> **Data for this exercise**
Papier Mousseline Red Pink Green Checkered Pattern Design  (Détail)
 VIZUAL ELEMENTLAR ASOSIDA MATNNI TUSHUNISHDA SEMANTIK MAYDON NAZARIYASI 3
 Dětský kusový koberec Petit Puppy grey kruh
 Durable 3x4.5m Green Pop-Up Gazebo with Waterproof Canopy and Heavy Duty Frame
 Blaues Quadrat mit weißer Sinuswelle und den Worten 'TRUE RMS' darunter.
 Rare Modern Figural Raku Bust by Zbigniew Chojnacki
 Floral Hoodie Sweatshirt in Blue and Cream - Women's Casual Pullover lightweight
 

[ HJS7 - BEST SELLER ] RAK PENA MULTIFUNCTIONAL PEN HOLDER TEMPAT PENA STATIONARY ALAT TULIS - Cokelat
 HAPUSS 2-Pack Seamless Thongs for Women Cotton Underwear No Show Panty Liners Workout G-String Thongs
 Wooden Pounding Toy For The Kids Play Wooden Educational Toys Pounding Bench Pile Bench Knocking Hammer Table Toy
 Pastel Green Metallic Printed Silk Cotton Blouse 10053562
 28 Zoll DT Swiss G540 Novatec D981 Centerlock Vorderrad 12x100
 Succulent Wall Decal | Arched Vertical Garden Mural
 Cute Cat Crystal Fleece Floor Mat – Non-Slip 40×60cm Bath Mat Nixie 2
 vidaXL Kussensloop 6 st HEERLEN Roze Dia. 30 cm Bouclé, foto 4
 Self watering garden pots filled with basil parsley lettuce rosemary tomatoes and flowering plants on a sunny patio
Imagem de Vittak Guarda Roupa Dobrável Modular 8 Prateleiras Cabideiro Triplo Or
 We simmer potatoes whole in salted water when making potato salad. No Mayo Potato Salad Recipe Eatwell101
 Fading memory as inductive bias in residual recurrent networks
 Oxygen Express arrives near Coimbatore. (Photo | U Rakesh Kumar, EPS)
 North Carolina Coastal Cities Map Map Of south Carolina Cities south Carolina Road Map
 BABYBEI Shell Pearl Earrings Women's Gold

> **Task brief**
Using the material above, transcribe exactly the lines from the line with "Succulent Wall Decal" to the line with "Fading memory as"; both count, and nothing else goes in.

> **Result of this task**
 Succulent Wall Decal | Arched Vertical Garden Mural
 Cute Cat Crystal Fleece Floor Mat – Non-Slip 40×60cm Bath Mat Nixie 2
 vidaXL Kussensloop 6 st HEERLEN Roze Dia. 30 cm Bouclé, foto 4
 Self watering garden pots filled with basil parsley lettuce rosemary tomatoes and flowering plants on a sunny patio
Imagem de Vittak Guarda Roupa Dobrável Modular 8 Prateleiras Cabideiro Triplo Or
 We simmer potatoes whole in salted water when making potato salad. No Mayo Potato Salad Recipe Eatwell101
 Fading memory as inductive bias in residual recurrent networks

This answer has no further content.